Les milieux divergent (de la bourgeoisie à l’indigence), mais les enjeux restent les mêmes : se recréer une famille d’adoption, un petit monde où il fait bon vivre. C’est flagrant avec les personnages de Crebinsky de Enrique Otero qui vivent comme des naufragés dans un univers qu’ils ont entièrement modelé, mais aussi avec l’appartement protecteur où se réfugie l’héroïne d’Amador, la chambre d’hôpital où se retrouvent les deux amies de 80 egunean, ou encore le club "Hiroshima" que le jeune Ricky offre à sa mère dans Carne de neon

Esthétique dépouillée, survoltée ou classique : tous les styles sont en compétition !

Formellement, les différences sont plus tranchées. La recherche esthétique de Open 24h contraste avec la trivialité de son sujet: un homme confronté à une succession d’injustices et d’humiliations. Les plans relativement dépouillés, le clair obscur qui se veut expressionniste, les partis pris de mise en scène, entre élégance et anxiété, ajoutent une tension psychologique à une intrigue par ailleurs minimaliste. Incontestablement, Carles Torras sait se servir d’une caméra. Dommage qu’il n’ait pas plus soigné le scénario, dont le crescendo final est raté et prévisible.

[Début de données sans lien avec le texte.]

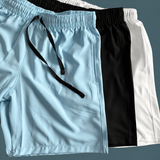 Blue/Black/White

De son côté, Carne de neon se distingue avec une esthétique résolument moderne, ultra-découpée, servie par une narration survoltée et ne se refusant aucun effet de mise en scène, même les plus maniérés.  Entre ultra violence et humour noir, Paco Cabezas lorgne visiblement du côté d’Alex de la Iglesia, à qui il emprunte un univers sordide et bigarré où les valeurs morales les plus élémentaires n’ont plus cours. Derrière l’outrance, le sexisme apparent et la bêtise crasse se profile une vision au vitriol d’une société espagnole détraquée.

Dans un genre totalement différent, Crebinsky de Enrique Otero touche par sa poésie et sa fantaisie burlesque. Tel un Kusturica ibérique, le réalisateur invente à partir de trois fois rien un univers baroque et décalé où se croisent des êtres aussi variés qu’une vache nommée Mushka, deux frères naufragés, des soldats américains, un parachutiste nazi et une chanteuse de cabaret. Un conte tendre et léger sur le destin, le hasard et l’ironie du sort.

Toutefois, le jury pourrait bien avoir privilégié des œuvres plus classiques mais à la thématique plus engagée. Cinématographiquement, 80 egunean et Amador souffrent des mêmes défauts : un scénario déséquilibré, une surenchère de bons sentiments, un manque de rythme… Mais sur le fond, ils ont tous les deux le mérite d’aborder avec pudeur un sujet qui reste sensible. 80 egunean à travers une amitié amoureuse entre deux femmes âgées, Amador en touchant au tabou de la mort et à la difficulté de l’exil.

C’est donc une lourde tâche qui attend le jury présidé par Anne Alvaro. Car en composant le palmarès, ce n'est pas seulement un certain type de cinématographie qu’il choisira de privilégier, mais bien une vision spécifique de notre monde, engagée à la fois socialement et politiquement.